EXERCISE BRIEF = Please set down each entry exactly, omitting any picture it holds.

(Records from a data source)
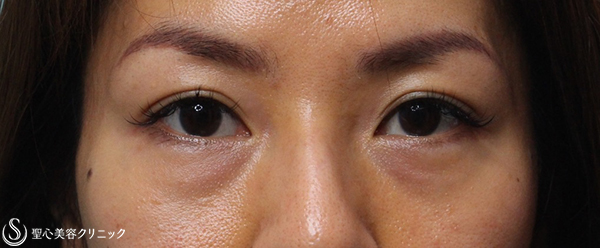 【40代女性・目の下のくま改善】プレミアムPRP（5ヶ月後・2回処置） Before 
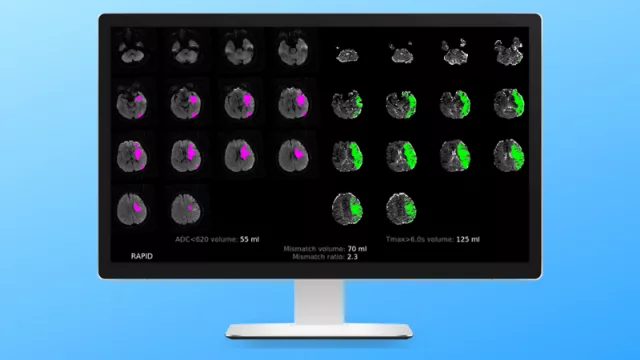 La inteligencia artificial llega a salvar vidas y mejorar secuelas de los ACV (un software que "lee" mejor que los médicos)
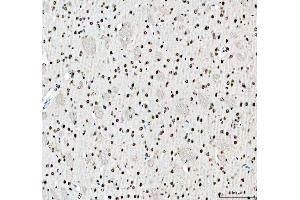 IHC analysis of SFPQ using anti-SFPQ antibody (ABIN7603089). (SFPQ anticorps  (Middle Region))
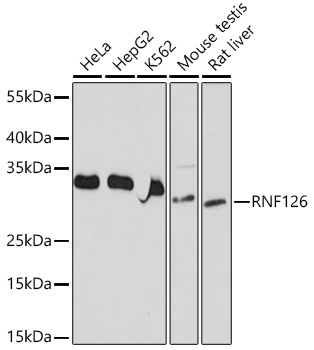 Western blot analysis of extracts of various cell lines using RNF126 Polyclonal Antibody at 1:1000 dilution.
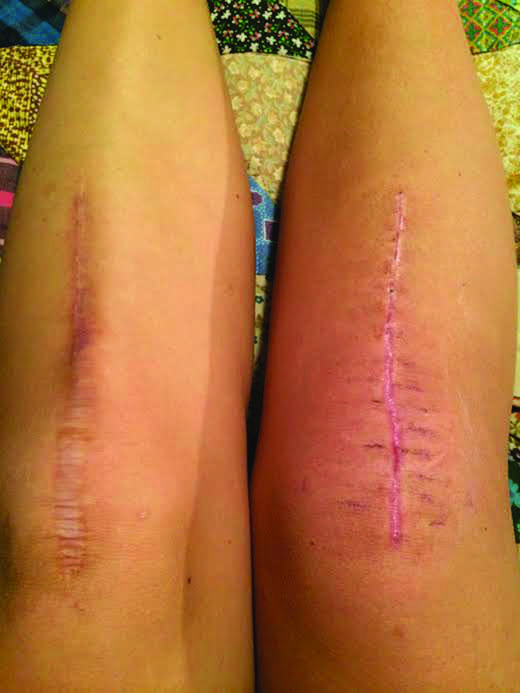 Right knee one month and one week after surgery.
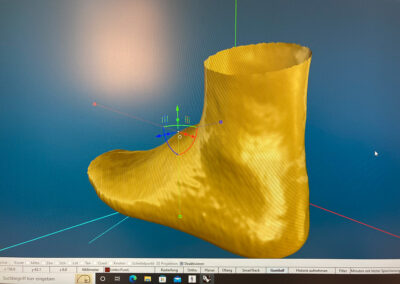 3D Druck in der Orthopädieschuhtechnik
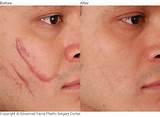 Laser Treatment To Remove Scars On Face Images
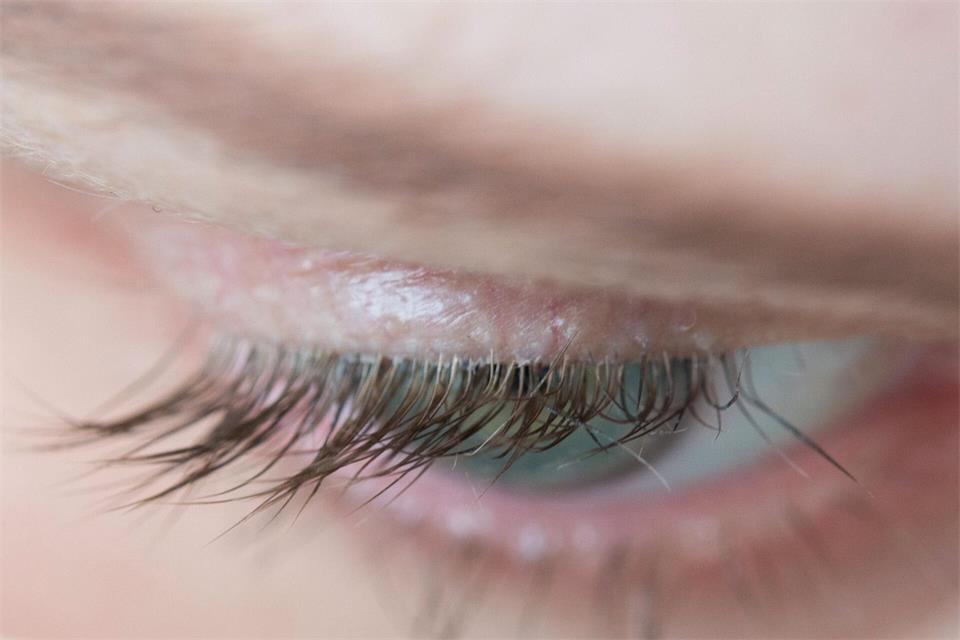 Demodex-Milben können Symptome eines trockenen Auges oder einer Lidrandentzündung auslösen.Andrea Warnecke/dpa-tmn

ANSWER FOR THIS EXERCISE =
 【40代女性・目の下のくま改善】プレミアムPRP（5ヶ月後・2回処置） Before 
 La inteligencia artificial llega a salvar vidas y mejorar secuelas de los ACV (un software que "lee" mejor que los médicos)
 IHC analysis of SFPQ using anti-SFPQ antibody (ABIN7603089). (SFPQ anticorps  (Middle Region))
 Western blot analysis of extracts of various cell lines using RNF126 Polyclonal Antibody at 1:1000 dilution.
 Right knee one month and one week after surgery.
 3D Druck in der Orthopädieschuhtechnik
 Laser Treatment To Remove Scars On Face Images
 Demodex-Milben können Symptome eines trockenen Auges oder einer Lidrandentzündung auslösen.Andrea Warnecke/dpa-tmn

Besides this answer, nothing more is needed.